Data to use section start

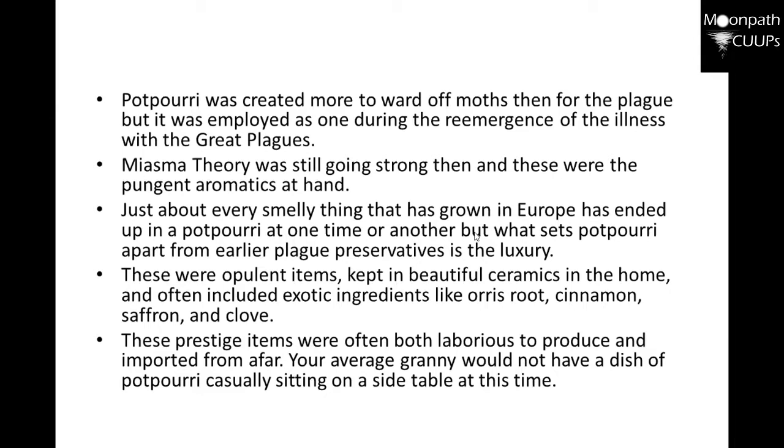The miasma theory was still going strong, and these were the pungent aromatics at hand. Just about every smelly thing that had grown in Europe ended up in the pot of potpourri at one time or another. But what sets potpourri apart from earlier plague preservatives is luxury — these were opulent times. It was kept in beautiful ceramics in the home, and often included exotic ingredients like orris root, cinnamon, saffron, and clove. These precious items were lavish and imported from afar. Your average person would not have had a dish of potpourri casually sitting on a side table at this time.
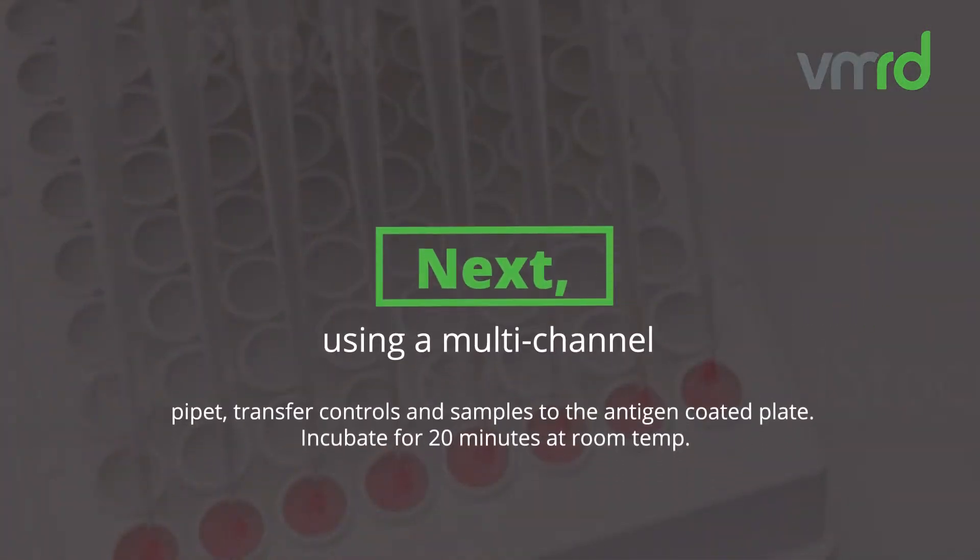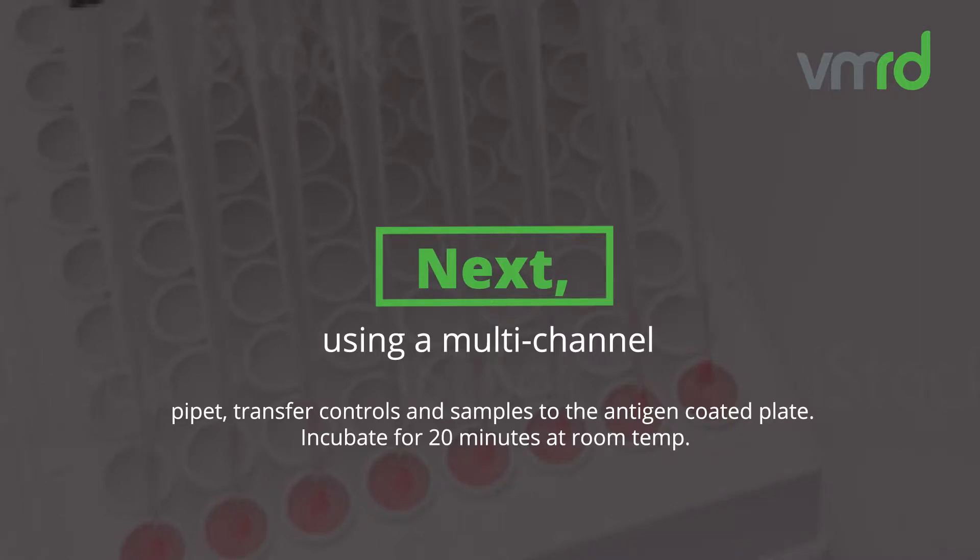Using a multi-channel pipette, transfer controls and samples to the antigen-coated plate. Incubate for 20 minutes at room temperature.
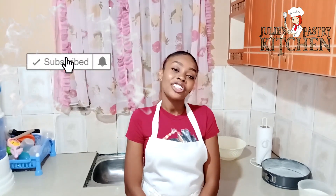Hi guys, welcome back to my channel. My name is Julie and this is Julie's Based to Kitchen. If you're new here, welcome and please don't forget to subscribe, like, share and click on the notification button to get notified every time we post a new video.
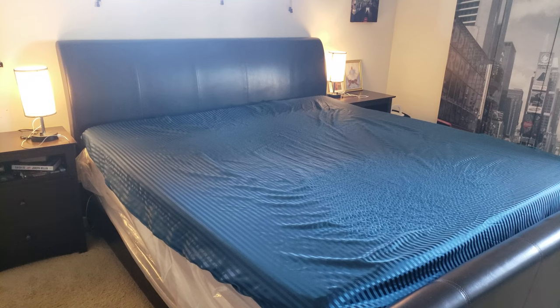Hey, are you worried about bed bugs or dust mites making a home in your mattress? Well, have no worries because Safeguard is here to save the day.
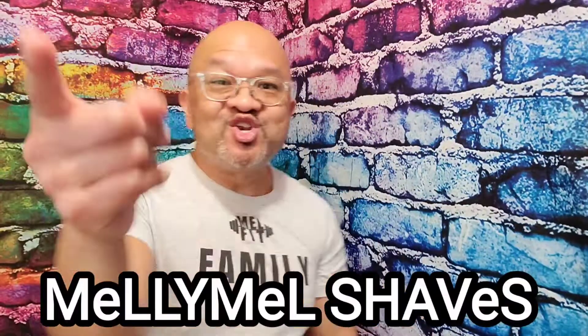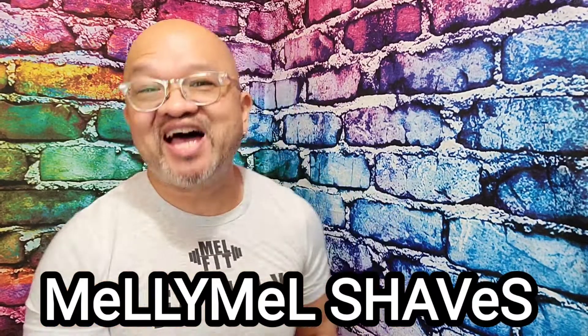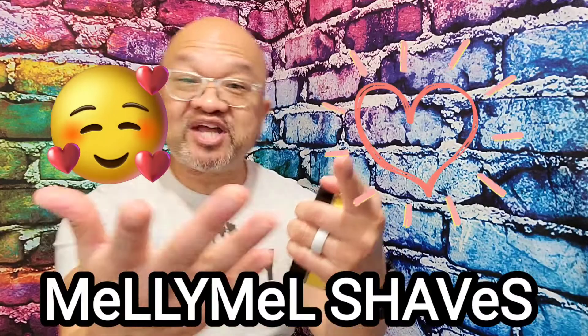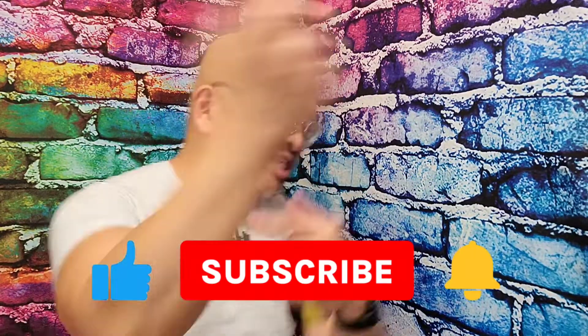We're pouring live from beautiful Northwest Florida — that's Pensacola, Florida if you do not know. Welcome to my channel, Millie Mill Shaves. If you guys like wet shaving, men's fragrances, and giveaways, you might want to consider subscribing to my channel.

Data to use section end
Data to use section start

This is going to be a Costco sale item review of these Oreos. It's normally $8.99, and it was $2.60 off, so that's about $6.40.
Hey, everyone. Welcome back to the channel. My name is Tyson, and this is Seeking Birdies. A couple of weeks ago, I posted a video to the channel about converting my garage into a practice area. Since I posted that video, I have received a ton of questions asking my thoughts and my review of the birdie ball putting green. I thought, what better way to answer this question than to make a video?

Data to use section end

Directions
Count the lines of the material holding "review". Report the number alone.

Result of this task
2